これが音だけの影響ならまだ良いが実は労力への影響の方が大きくて、手に高度な技術があって楽な分従兄は余計踏みたがらなくなりそうだ。
俺が手下手の他にもすぐ脚で誤魔化したくなるのが多分逆現象が起こってるからで、これは長い目で見るとかなりな運命の分かれ道かも知れない。
従兄の場合は本人が何処迄求めてるか不明なのでここでは終りとするが、パワーや低音が欲しければ奏法的には「ベタ足」が最善策だ。
手の方でも下手に無理して小さな(動作範囲が)叩き方はしない方がと述べたが、高度な技術を駆使してなされるそれを決して否定は無い。
しかしもし高度技術が不要な場合、敢えて技術レベルを下げた分を基礎部分の加減等へ振り向ける事だって出来る筈だ。
太鼓の基本的な出音やノリを重視してたらどんなに簡単なフレーズでも暇になんかなりっこなくて、寧ろ数が少なく各音が目立つので余計神経を尖らせる位だ。
一流奏者だと無為に演ってもそれなりに上手いだろうけど、奏者内部を覗けば訓練度の高さが本件では災いし「思ったままが音に出てしまう」だろう。
だから技術面では何も労してなくても、他人に外から見える姿程は気持ちを緩める事が出来ないのだ。
これの典型例が前回記したJohnny吉長談なのだと思ったが、こう云う心持ちがあると奏法選択にも波及して然りとみえた。
上述「不要爪先残り」に着目すると柔軟アップヒールよりベタ足が桁違いに優勢だが、もしかしたら大元の求める音色の願望の「強さ」が現われただけなのかも知れない。
俺はSimon Phillipsの音に対して特に興味は無くどうチューニングしてどう踏んでるかを、先日の実験迄ノーマークで全く知らなかった。
それが蓋を開けてみるとヘッドは穴無し両面張り・Micは内部仕込み・ベタ足踏みと、ピッチ以外はそっくりだ。(※全て我々が参考とした時期)
どうやら常に「ドンッ」とか「ズシン」とかバスドラでは重い音色を出そうとして試行錯誤した挙句、各個人の体格差等以外が必然的に近似になったんだろう。

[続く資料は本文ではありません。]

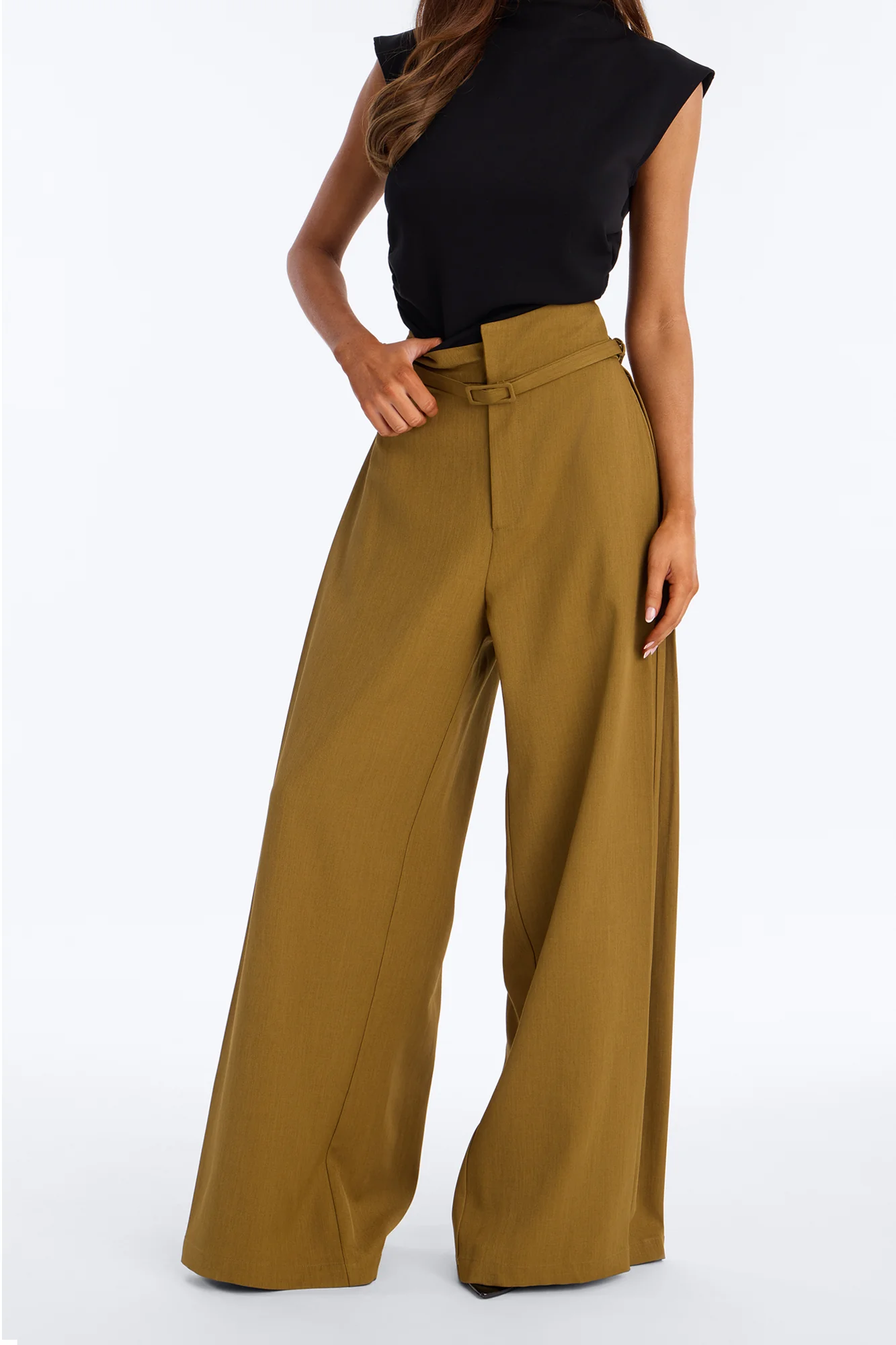 Amaia Asymmetrical Waist Belted Pleated Trouser - Olive - Image 2
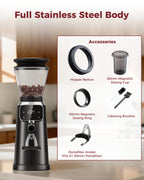 70 Grinding Setting 40mm Conical Burr Grinder Espresso Coffee Bean Grinder | TUNI G2 Black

因みにベタ足は脚上げ面では柔軟アップヒールより基本労力面では不利だが、Simon氏程の達人でも音色の為にわざわざ茨の道を選んでる事になる。
要は所望バスドラ音色がたまたま元から似てた結果なんじゃないかと感じられ、未確認だが従兄のそれは対俺比ではにわか仕込みと伺えている。
もひとつ因みに「踏めれば良い」ならどっちの奏法でも大差無いが確実に「出せる最低音を維持」を最優先にすると、実は柔軟アップヒールの方が過労となる。
その仕組みは確実に速攻爪先離脱させるには、ベタ踏みよりかなりストロークの余裕が必要になるからだ。
音量に不要な領域まで脚を上下させる事となるが、こうしとけば完全脱力で下がり切った爪先も流石にフットボードから離れるって寸法だ。
こうした観点に立てば何故Charlie Wattsがわざわざぎこちなく面倒な叩き方に、長らく固執してるかの理由も少し分かった気になれる。
キャリアの浅い人には実感が持てる話しじゃ無さそうだが、普段どう求めてるかも長い間にはこんな処に迄違いが出て来るとなると全く気が抜けない。
始まりは気持ちの話しだったが奏法選択迄異なって来るなら、実はちっとも精神論では無く純粋な科学的理論だ。